DocBook XSD?

Volume 14, Issue 52; 19 Dec 2011

But is it valid? Not the document, the schema?

When we switched to RELAX NG for DocBook, we did it because it was the best choice. It's still the best choice: in RELAX NG, the sorts of constraints that prose-schemas require are easy to express and there are no unnecessary ambiguity constraints.

I had always planned to generate W3C XML Schemas (and DTDs) by mechanical translation from the RELAX NG sources. There's an argument to be made for making the sources something else entirely and generating all the schemas from that, but it never seemed necessary (and I don't think it would help).

The problem is, it's fiendishly hard to write a tool that will translate from DocBook RNG to DocBook XSD. There are some recognizable patterns, but then there are some things (like merging the content models for HTML and CALS tables) that seem to defy straightfoward heuristics.

I spent tens, perhaps hundreds, of hours in three separate equally failed attempts to write a transformation (or series of transformations) to go from DocBook RNG to DocBook XSD. I still think it's possible, but probably not without building some sort of a larger framework. (If you've got a grad student looking for a project, …)

Torn between the prospect of trying again or just admitting defeat and writing the schema by hand, I finally caved and decided to write it by hand. It took several days and was fairly tedious, but I got there. Maybe.

It turns out that there's room for interpretation in what constitutes ambiguity in XML Schemas. Ambiguous ambiguity. Oh, joy!

So if your favorite XML tool still uses XSD exclusively, here's what I'd like to know:

  1. Have you asked about RELAX NG support? It is the [expletive deleted, -ed] twenty-first century!

  2. Does my hand crafted DocBook XSD ( XSD 1.0 or XSD 1.1) work in that tool, or does the tool complain that the schema is invalid?

I fear that removing the ambiguity currently present would be an enormous pain in the [expletive deleted -ed]. If I don't have to…


Did you try Trang? I had quite some success with using its products with Eclipse XML editor (for much less complicated schema).

—Posted by Matěj Cepl on 19 Dec 2011 @ 05:33 UTC #

The DocBook schemas are way beyond the capabilities of Trang.

—Posted by Norman Walsh on 19 Dec 2011 @ 05:43 UTC #

Maybe, what I meant is that I am not sure how really acute the lack of XSD really is, because for many purposes even such half-solutions seems to work.

—Posted by Matěj Cepl on 19 Dec 2011 @ 06:54 UTC #

Just did a quick test in Xopus. We don't support the processContents attribute on xs:any, so that's a step back from the previous XSD. But other than that, seems to be loading just fine...

And for an editor like Xopus a good XSD is necessary, Trang is indeed not an option in this case. So thanks for making this effort!
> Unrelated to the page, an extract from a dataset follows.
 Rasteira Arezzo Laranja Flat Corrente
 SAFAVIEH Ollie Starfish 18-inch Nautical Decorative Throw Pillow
—Posted by Fredrik Geers on 20 Dec 2011 @ 11:07 UTC #

Using Oxygen 13.1, validation of the 1.0 XSD file fails with lots of errors. The first one reads

docbook-ns-10.xsd Programmname: Xerces Feherlevel: error Beschreibung: cos-nonambig: "":xref and "":xref (or elements from their substitution group) violate "Unique Particle Attribution". During validation against this schema, ambiguity would be created for those two particles. Start: 450:5 End: 450:19

It complains about source code line450, which is a refernce to the db.common.attributes group, inside the definition of the complexType named inline.type starting at line 437.

I think there are about 33 errors like this. As far as i can see always cos-nonambig:

Allthough Oxygen supports RELAX very well, we are highly interested in a good XSD for docbook. The main reason is Adobe FrameMaker, which is in fact based on DTD., but does support XSD (translates it to DTD inernally?)

We hav to customize docbook before using it in FrameMaker because some of FMs limitations. (Nested Tables are not supported, for example). Doing so in RELAX is useless, because there is no way to generate the customized DTD. My hope is, that cusomization can be don in XSD, and that would help to get the customized DTD via standard Tools (like the one builtin in Oxygen).

Cheers, Frank

—Posted by Frank Steimke on 22 Dec 2011 @ 11:18 UTC #

Thanks, Frank. I've discovered that Xerces reports ambiguity problems so I've got a line on fixing them. I'm just hoping it's not too painful to do so.

—Posted by Norman Walsh on 22 Dec 2011 @ 11:57 UTC #